Description

Book Synopsis
As state control of private life in China has loosened since 1980, citizens have experienced an unprecedented family revolution. Reading popular "divorce narratives" in fiction, film, and TV drama, this book shows that the representation of marital discord has become a cultural battleground for competing ideologies within post-revolutionary China.

Trade Review

"For those who do not study contemporary China or for those who need English translations or subtitles to gain access to these stories and films, this book is a gold mine...[B]ecause Xiao so frequently engages European social theory and film criticism, the book addresses the urgent need to integrate Chinese experiences and analyses into intellectual discourse that focuses primarily on the literature and films of the Americas and Europe."

-- Deborah Davis * Journal of Asian Studies *

"Hui Faye Xiao makes a significant contribution to recent scholarship on the cultural representation of marital strife in contemporary China….Combining insightful aesthetic understanding of literature and visual culture with a savvy engagement of knowledge from sociology and cultural anthropology, Xiao’s book presents important scholarship on the gendered reading of postsocialist Chinese modernity with a genealogical approach."

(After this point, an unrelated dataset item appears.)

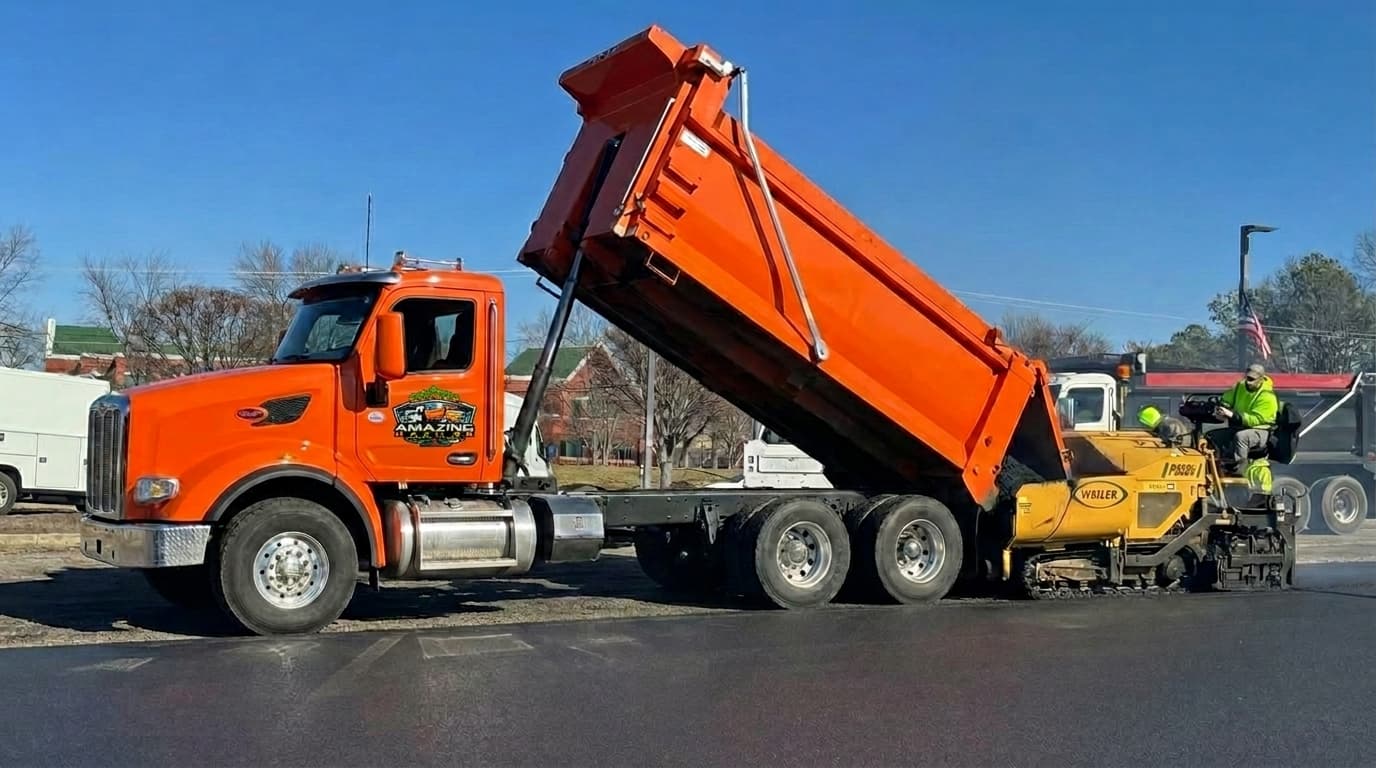 Asphalt paving crew supported by hauling services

-- Yipeng Shen * Modern Chinese Literature and Culture *

"Through the lense of divorce narratives in literature and visual culture, the book produces an in-depth cultural study of the 'family revolution' in the People’s Republic of China between 1980 and 2010.... Divorce culture, as [Xiao's] skillful reading shows, reveals postsocialist subjects’ eager desire to move forward to a utopic future, but it always fails to deliver in reality.... Family Revolution is a well-researched book with a coherent structure, theoretically informed arguments, and intriguing close reading, making it a wonderful addition to the scholarship on postsocialist Chinese culture and/or Chinese women’s and gender studies."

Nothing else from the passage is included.